Comme toutes les nouvelles de Jean-Paul Beaumier, on déguste celles-ci à toutes petites doses. Pour la qualité de l’écriture, pour tenter, vainement d’ailleurs, de prévoir l’imprévisible dénouement, pour mieux entrevoir d’un texte à l’autre les doubles et triples fonds. Un père, que l’on tenait pour figé à jamais, se permet un vœu. La jalousie se révèle à la fois erratique et justifiée. Les courriels circulent avec leur faux naturel et leurs pressions sur les relations humaines. La première neige marque le passage vers autre chose, peut-être la fin d’un amour, mais peut-être la transition ne sera-t-elle pas aussi légère qu’il semble. Et quand flanche la mémoire, un art existe-t-il qui puisse, en multipliant les quadrillages mentaux, repêcher le nom manquant ?

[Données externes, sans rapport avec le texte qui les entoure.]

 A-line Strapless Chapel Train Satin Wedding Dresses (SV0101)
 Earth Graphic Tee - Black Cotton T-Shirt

Parler de culture et de raffinement, ce serait juste et superficiel. Jean-Paul Beaumier, en effet, fait plus que créer de superbes bibelots. Il enseigne à douter de ce que l’œil voit, à prêter une oreille plus attentive à ce qui bat sous les apparences et qui peut même modifier le sens des confidences. Il maîtrise admirablement les astuces et les techniques de la nouvelle, y compris celle de la chute, mais il ne s’incline devant aucune orthodoxie. Avec goût et liberté, il offre la chute, sachant que l’absence de chute peut équivaloir… à une chute.

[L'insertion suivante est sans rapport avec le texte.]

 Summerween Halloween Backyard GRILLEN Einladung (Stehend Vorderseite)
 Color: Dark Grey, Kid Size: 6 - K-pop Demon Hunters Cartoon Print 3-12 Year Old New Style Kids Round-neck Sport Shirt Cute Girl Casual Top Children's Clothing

On appréciera aussi l’ampleur du registre. De la carte postale au contact par Internet, du timide amour paternel à la vengeance sanglante, de la réponse embellie offerte au sondage téléphonique jusqu’aux conséquences du retour à l’heure normale, c’est la vie qui affleure, déroute, étonne, humanise, émeut. Tout cela avec peu de mots, sans la moindre lourdeur, avec un fascinant mélange de sagesse et de réalisme tendrement cynique.
Beaumier demeure libre d’orienter son talent à son gré. Souhaitons qu’il ne renonce jamais à l’écriture de nouvelles ni au regard qui en débusque le départ.